■ WHAT YOU HAVE TO DO ■
Please restate each entry that appears below word for word, without its pictures.

(PROVIDED INFORMATION)

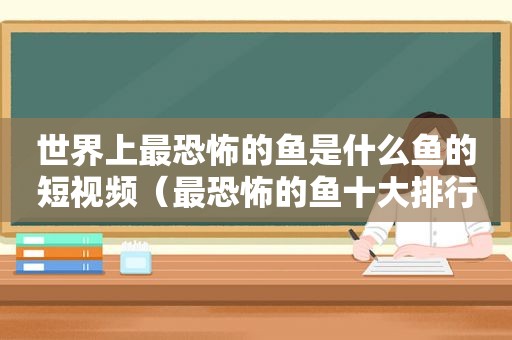 世界上最恐怖的鱼是什么鱼的短视频（最恐怖的鱼十大排行视频）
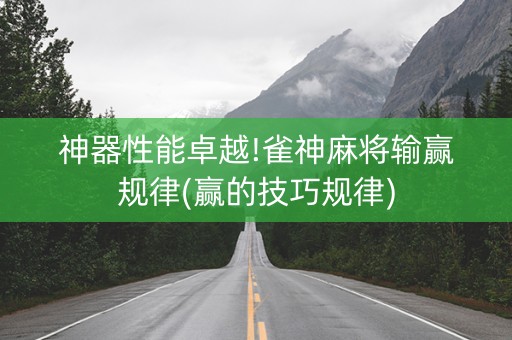 神器性能卓越!雀神麻将输赢规律(赢的技巧规律)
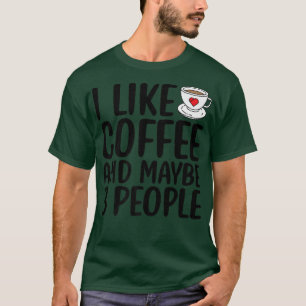 Ik hou van koffie en misschien 3 mensen grappig Sa T-shirt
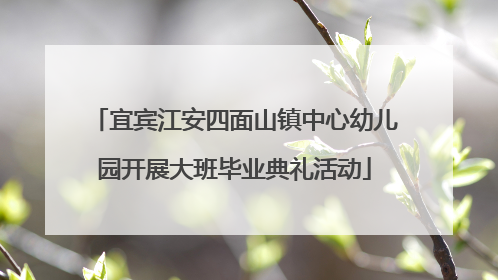 宜宾江安四面山镇中心幼儿园开展大班毕业典礼活动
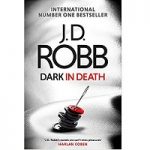 Dark in Death by J D Robb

(End PROVIDED INFORMATION)

■ OUTPUT OF THE EXERCISE ■
 世界上最恐怖的鱼是什么鱼的短视频（最恐怖的鱼十大排行视频）
 神器性能卓越!雀神麻将输赢规律(赢的技巧规律)
 Ik hou van koffie en misschien 3 mensen grappig Sa T-shirt
 宜宾江安四面山镇中心幼儿园开展大班毕业典礼活动
 Dark in Death by J D Robb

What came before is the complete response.